> Problem requirements
State how many lines of the records contain the string "April", and give no other information.

+ + +

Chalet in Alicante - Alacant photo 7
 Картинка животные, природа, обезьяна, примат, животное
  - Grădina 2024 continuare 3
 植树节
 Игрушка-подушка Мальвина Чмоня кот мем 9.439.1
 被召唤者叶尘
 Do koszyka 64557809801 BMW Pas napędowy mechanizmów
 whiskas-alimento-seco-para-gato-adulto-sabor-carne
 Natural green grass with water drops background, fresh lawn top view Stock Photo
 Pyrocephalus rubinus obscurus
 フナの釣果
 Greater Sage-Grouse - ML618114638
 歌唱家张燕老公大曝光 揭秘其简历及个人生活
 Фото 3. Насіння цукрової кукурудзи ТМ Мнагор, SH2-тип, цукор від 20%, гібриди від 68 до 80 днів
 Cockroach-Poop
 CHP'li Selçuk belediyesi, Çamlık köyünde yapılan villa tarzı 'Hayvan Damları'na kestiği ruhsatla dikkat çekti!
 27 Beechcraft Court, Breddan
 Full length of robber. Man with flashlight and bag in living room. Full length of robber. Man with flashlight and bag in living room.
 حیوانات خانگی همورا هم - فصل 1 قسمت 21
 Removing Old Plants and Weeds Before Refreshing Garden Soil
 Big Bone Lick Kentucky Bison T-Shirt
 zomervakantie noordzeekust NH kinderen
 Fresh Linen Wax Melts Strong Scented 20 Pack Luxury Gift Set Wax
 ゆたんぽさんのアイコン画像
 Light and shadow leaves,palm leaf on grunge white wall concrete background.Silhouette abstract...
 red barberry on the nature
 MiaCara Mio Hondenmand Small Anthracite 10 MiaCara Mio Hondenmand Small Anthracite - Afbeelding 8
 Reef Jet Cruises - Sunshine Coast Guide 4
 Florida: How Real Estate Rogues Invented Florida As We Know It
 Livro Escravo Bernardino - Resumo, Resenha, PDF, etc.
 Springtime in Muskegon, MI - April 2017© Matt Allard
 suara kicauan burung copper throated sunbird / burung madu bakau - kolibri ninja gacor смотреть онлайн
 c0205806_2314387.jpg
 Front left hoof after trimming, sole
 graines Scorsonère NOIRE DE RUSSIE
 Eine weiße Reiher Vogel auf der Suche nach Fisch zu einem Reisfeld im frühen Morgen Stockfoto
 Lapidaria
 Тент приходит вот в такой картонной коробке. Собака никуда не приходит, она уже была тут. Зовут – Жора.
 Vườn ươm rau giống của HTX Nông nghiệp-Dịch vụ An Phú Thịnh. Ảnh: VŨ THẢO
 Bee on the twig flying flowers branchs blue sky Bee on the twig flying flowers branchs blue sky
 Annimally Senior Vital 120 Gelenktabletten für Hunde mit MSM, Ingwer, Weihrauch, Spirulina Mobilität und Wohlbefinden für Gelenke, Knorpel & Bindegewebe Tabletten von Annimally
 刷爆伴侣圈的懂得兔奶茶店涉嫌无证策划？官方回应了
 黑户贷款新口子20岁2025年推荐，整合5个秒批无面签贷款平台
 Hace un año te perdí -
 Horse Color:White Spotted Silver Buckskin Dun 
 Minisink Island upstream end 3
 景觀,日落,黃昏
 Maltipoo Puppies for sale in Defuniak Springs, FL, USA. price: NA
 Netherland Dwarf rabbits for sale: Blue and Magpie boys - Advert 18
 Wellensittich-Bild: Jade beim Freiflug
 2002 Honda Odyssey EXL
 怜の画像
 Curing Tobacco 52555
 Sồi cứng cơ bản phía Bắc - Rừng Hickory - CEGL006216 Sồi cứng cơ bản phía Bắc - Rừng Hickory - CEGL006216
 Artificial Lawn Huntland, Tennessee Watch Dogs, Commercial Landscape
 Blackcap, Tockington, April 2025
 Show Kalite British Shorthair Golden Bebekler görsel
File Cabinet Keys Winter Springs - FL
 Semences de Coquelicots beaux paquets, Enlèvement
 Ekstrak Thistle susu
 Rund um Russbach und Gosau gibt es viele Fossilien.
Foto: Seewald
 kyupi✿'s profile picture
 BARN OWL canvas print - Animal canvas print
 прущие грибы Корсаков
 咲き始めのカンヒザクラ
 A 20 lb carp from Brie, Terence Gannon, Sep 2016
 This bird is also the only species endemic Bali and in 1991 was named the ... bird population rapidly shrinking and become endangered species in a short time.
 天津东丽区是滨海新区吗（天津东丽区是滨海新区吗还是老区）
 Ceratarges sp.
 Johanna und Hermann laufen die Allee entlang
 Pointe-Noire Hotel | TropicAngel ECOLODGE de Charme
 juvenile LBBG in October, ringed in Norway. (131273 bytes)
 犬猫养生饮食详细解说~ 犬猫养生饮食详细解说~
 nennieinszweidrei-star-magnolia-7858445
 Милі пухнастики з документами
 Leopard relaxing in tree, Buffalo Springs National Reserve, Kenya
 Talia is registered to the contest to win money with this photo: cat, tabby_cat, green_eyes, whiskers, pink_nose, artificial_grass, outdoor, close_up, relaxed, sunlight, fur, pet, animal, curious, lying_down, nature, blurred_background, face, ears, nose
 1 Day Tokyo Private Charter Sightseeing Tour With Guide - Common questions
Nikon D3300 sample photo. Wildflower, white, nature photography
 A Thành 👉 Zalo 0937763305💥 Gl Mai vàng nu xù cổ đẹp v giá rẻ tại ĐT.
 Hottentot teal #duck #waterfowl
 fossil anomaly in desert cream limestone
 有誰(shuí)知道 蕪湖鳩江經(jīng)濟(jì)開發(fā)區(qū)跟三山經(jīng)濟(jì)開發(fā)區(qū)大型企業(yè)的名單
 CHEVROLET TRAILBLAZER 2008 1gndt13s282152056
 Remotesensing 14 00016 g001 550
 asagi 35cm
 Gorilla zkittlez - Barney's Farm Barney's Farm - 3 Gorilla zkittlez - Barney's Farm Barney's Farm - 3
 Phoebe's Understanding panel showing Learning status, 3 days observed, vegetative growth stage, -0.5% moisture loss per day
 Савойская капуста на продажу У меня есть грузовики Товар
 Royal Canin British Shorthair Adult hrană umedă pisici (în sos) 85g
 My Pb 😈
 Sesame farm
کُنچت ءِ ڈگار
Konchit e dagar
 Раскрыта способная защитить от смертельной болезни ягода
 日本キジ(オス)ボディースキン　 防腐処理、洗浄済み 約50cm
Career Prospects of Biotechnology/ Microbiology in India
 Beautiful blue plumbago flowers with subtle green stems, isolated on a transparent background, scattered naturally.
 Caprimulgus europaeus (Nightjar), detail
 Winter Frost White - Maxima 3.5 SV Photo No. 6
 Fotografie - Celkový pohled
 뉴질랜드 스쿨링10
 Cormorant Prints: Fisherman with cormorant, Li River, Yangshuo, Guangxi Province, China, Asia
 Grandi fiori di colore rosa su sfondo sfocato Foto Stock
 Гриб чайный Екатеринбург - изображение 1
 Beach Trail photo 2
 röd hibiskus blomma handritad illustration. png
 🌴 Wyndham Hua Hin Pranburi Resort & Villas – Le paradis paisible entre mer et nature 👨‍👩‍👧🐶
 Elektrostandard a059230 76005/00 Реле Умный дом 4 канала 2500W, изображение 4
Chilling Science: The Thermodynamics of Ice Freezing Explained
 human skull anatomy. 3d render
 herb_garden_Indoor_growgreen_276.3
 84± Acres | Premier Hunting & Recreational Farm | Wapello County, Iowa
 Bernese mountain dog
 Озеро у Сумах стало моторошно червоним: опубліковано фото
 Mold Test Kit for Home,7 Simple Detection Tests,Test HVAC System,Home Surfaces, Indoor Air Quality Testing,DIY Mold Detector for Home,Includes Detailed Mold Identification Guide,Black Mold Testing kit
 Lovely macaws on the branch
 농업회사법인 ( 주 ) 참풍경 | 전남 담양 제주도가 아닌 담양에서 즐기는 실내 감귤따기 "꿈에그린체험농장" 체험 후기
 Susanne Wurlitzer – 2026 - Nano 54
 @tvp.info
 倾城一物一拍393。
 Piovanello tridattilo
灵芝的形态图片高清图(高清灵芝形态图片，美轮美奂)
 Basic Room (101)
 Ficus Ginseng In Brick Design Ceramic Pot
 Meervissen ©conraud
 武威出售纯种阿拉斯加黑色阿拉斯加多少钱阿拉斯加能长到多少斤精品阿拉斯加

+ + +

> Answer box
2